We spent a month working in Xi’an, volunteering in a center for people of all ages with special needs. On the weekends, we explored our surroundings. We saw the ancient Terracotta Army, which is located a half-hour car drive outside the city limits and consists of thousands of soldiers, archers and other life-size figurines meant to accompany Emperor Qin Shi Huang into the afterlife. We embarked on a 20-hour train ride to Shanghai, and explored the aquarium and the streets of the French Concession. We climbed Mount Hua in the rain and struggled up the steep steps with guardrails that only reached mid-calf.
When people asked my why I had refused to go back to China for so long, I usually told them that I hadn’t considered the trip to be worthwhile. I had spent so long pushing everything Chinese far away from me that my studies had naturally gravitated toward other areas. I hadn’t been interested because I hadn’t learned anything about China, and I hadn’t learned anything because I hadn’t been interested; it was a vicious cycle.
But the main reason I didn’t want to go back to China was because I was afraid that people would think I was stupid.
Let me explain: I had always taken great pride in my good grades and had considered myself relatively smart. I worked hard to please my teachers and my parents. But whenever I interacted with any Chinese person who wanted to address me in Mandarin, I was rendered mute and dumb. Even worse, I couldn’t adequately explain why I didn’t speak their language or understand their customs. This feeling of helplessness was the absolute worst.

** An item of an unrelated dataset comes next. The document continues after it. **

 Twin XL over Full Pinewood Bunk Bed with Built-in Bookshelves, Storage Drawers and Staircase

But then I got to China. One of the first new words I learned to say was “adopted,” and people would nod understandingly before eagerly asking more questions about my life in America. It helped that my sister always stood next to me and added, “Wŏ de jiě jiě,” or “My older sister.” And I learned that people didn’t care that I didn’t speak Mandarin and that I had no idea what bāo — steamed buns — were.

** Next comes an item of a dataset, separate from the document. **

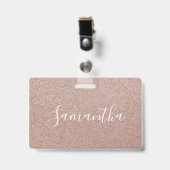 Rose Gold Glitzer Metallic Hübsch Girly Funkelnd Ausweis (Vorderseite mit Clip)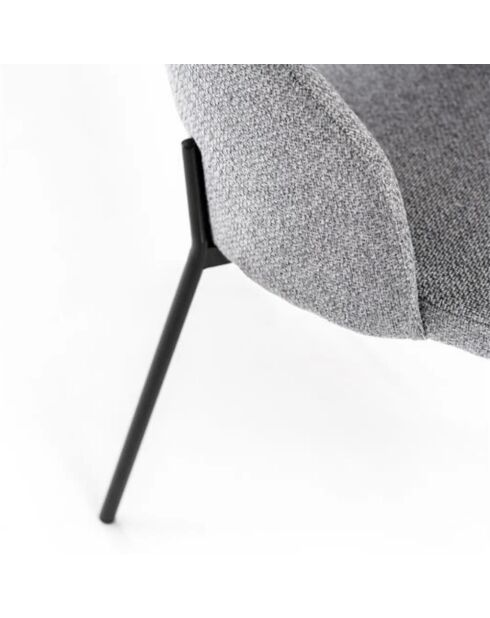 Ensemble de 2 chaises de salle à manger revêtues de tissu Lucca gris /anthracite - 55,5 x 52 x 78,5 cm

I became increasingly less bothered by people who mistook me for someone I wasn’t. So when the taxi addressed me in Mandarin that night after karaoke, I merely rolled my eyes. Instead of worrying what he might think of me, I thought about the cool breeze from the fans in my bedroom, and the comfort of my shockingly hard bed, which I eventually found out was the norm in China.
When I arrived at the University of Chicago two months later, I began to understand how fundamentally my trip back to China had affected me. In the midst of the teeming crowd of freshmen, I introduced myself as “Rachel Landes, Asian Jew” to get others to remember my name and face. For the first time, I found myself comfortable around Asians. I made friends with predominantly Chinese girls that came from immigrant parents or grandparents. Whereas before I felt like an outsider because I had a Chinese face but hadn’t participated in the shared experiences of Chinese-Americans, now I could say that I had.
Two years later, when I thought I had finally settled with my identity, my sister’s travel plans intervened once again. In 2013, Sarah went on a Birthright trip to Israel. She was always the first to say “Next year in Jerusalem!” during every Passover Seder, but I never really thought she was serious. She wasn’t particularly religious, and hadn’t had a bat mitzvah. The only word in Hebrew that she knew was “shalom.” Still, she didn’t want to pass up a free trip to Israel.
The whole process was starting over it seemed, complete with the wheedling. For months after she came back, I was bombarded with, “Don’t you want to go to Israel for free?” and “If you went, I would love to go to Israel again!” And then she’d brandish her brand new silver Star of David necklace, bought in Jerusalem, in my face. Who knows, with her dedicated reminders and my work at the Forward, she might just convince me.
I wouldn’t have her any other way — my bossy, persistent little sister, who always knows what’s best for someone even if they don’t know it themselves. She taught me that identity and family has little to do with genetics. Rather, they come from the people and experiences you open yourself up to.